Let’s say you decided to put all $20,000 in the Vanguard 500 Index Fund (VFINX), which is an index fund based on the S&P 500. And let’s say you gave it one day for things to cool off and put all $20K in on October 20, 1987. If we fast-forward to August 21, 2015, you’d have $293,128 sitting there for you. That’s an annualized return of 10.12%. Boy, you’d owe your best friend a lot of money, right?
Not quite.
Compare that to the person who lacked a crystal ball and decided to invest all $20K in VFINX the very Friday before Black Monday, on October 16, 1987. Just imagine the feeling in that person’s stomach when they woke up Monday to find out that their investment just took a major haircut. Well, this is where time in the market comes to save the day.
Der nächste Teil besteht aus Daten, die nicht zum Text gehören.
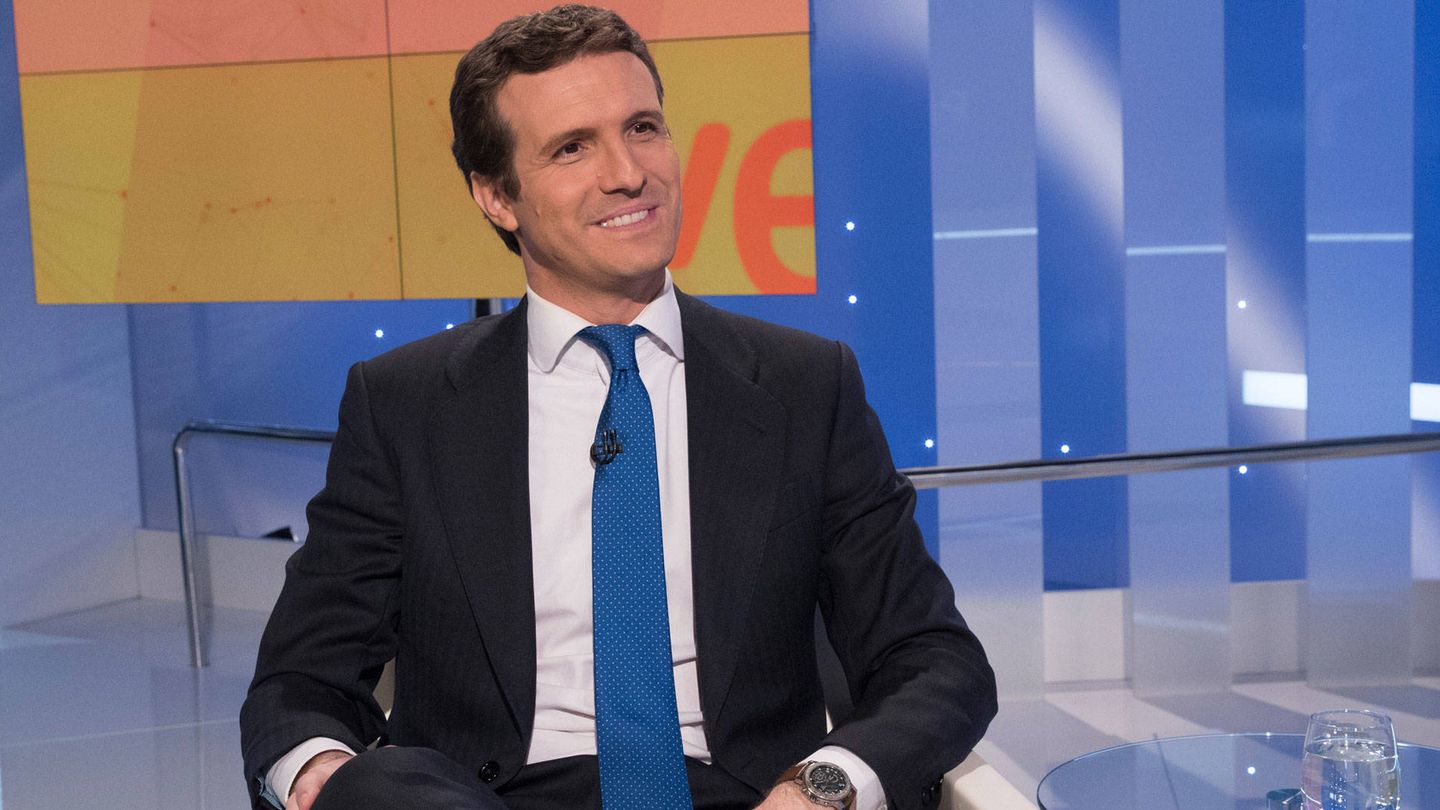 Pablo Casado, en Televisión Española. (RTVE)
That same $20K invested in VFINX on October 16, 1987 would currently be worth $245,530. That’s an annualized return of 9.42%.
A difference of almost $50,000 shouldn’t be understated, but what do we see here? We see someone who still did incredibly well. An annualized rate of return still near 10%. While I’m not factoring in taxes or inflation, I also factored in a scenario where someone would invest all of their money all in one day, and that day happened to be the very day before one of the worst stock market crashes in history (the crash has its own name, after all).
But investing all of your money on the very worst day possible is highly, highly unlikely. It’s far more likely and reasonable to assume that you’re dollar cost averaging your way into stocks. And this smooths the results out even more, to the point where timing the market is almost negligible.
Time in the market is more important than timing the market because you have control over time in the market. Meanwhile, you can’t control timing the market. Longer periods of time provide an effect where short-term fluctuations almost disappear. The longer the period, the less short-term fluctuations show up."